In the example below, I’ve deliberately over-enhanced the image to indicate the power of the program. But the face is clearly still the same person, and in her own mind, this is how she really looks.
Figure 9: The end result. Click here to see a full-size screenshot showing the before and after images side by side, as you’d see them in a typical working environment.

Worth the Price
Portrait Professional is easy to use, with helpful pop-up dialogs showing clear, visual examples of each operation when you hover over them. It’s also remarkably low-priced, given its power and elegance. It comes in three editions:
1. Standard offers all the controls detailed in this review. Normally $89.95, it’s on sale for $39.95 at press time. It can open 24-bit TIFF and JPG files but will not open RAW images.
2. The Studio edition also has the ability to work as a Photoshop plug-in; to read and write camera RAW, Adobe DNG, and 48-bit TIFFs; and to convert between color spaces. Normally $129.95, it’s on sale for $59.95 at press time.
3. The Studio 64 edition is further optimized for 64-bit Windows systems. Normally $219.95, it’s on sale for $119.95 at press time.
Both designers and photographers can use Portrait Professional as a quick and remarkably easy fix for portrait and magazine work. This new version brings better face enhancement and defect correction, new presets, a mode specifically for portraits of children, and a slick new interface. Simple to install and rock-solid to run, Portrait Professional performs almost all its functions in real-time—even with large original images.
 

Steve Caplin is a freelance photomontage artist based in London, whose satirical illustrations have appeared in newspapers and magazines around the world. He is the author of the best-selling How to Cheat in Photoshop, as well as 100% Photoshop, Art & Design in Photoshop and 3D Photoshop. He writes regularly for CreativePro and is an instructor at LinkedIn Learning. His YouTube channel 2 Minute Photoshop is a library of over 100 Photoshop tutorials, each just two minutes long, hosted at photoshop.london. When he’s not at his computer Steve builds improbable furniture, which can be seen at curieaux.com.
  • Anonymous says:

    Bought this. Low sale price, I test it, great interface, they email me a code for an additional discount, done deal.

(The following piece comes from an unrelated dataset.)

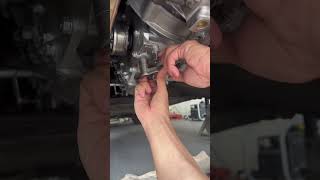 How to install Porsche 915 transaxle omega spring.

    I bought it because it passed a test few jazzy plugins pass: its does subtle extremely well.

  • Anonymous says:

    Bought this a while back and now have got the Studio version. Proved an absolute time saver when I did a model calendar recently.

    The skin blemishes were reduced but all within my control and it’s truly remarkable to see the before and after. Didn’t alter the model’s faces much because they need to be the recognisable people they were but you can introduce some subtle effects that work great.

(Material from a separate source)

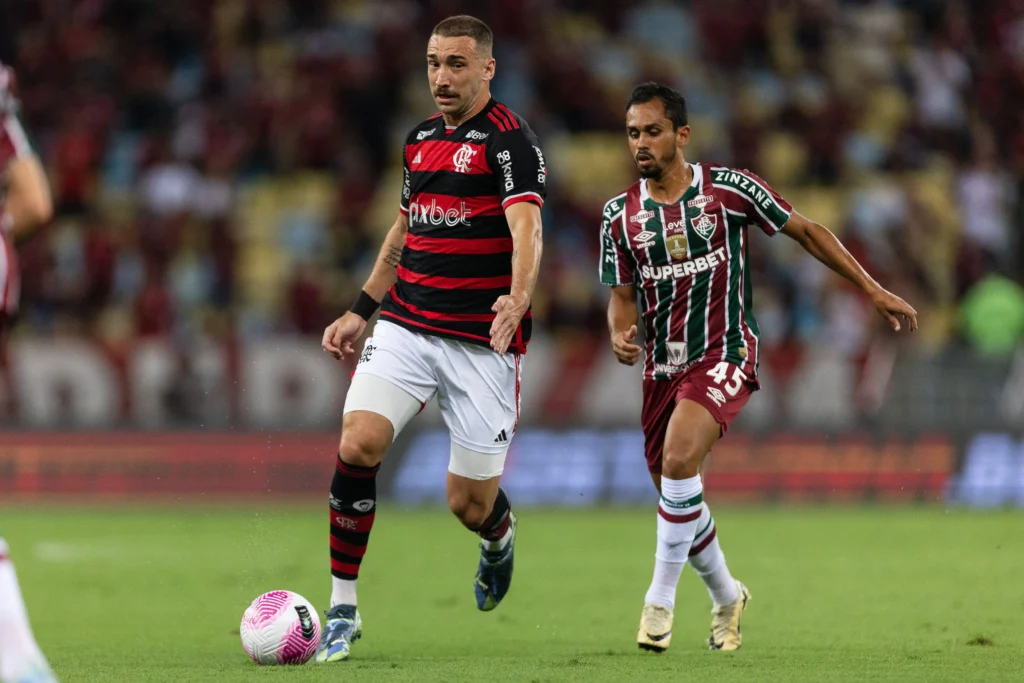Léo Ortiz é marcado por Lima, do Fluminense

    It’s fascinating to see the algorithms they’ve employed to give you the ‘perfect’ face. A must get for portrait retouch professionals whether you use Photoshop or not.

  • Anonymous says:

    I use (version 9x of) the program on all the portraits our studio does. It brings absolutely stunning results. As a female client recently said, “you took 15 years off me. Thank you.” It is easy to overdo, as you point out, and the program is so smooth to work with, you don’t see it happening until… My advice is (1) practice; and (2) use the before/after button. Definitely a must have for portrait photographers, and those who edit their portraits.

    I’m considering the upgrade and would be interested in comments discussing the difference between 9 and 10. Thoughts? Thanks.
    Tim

  • Anonymous says:

    Ever wonder where the capability of the human imagination has gone?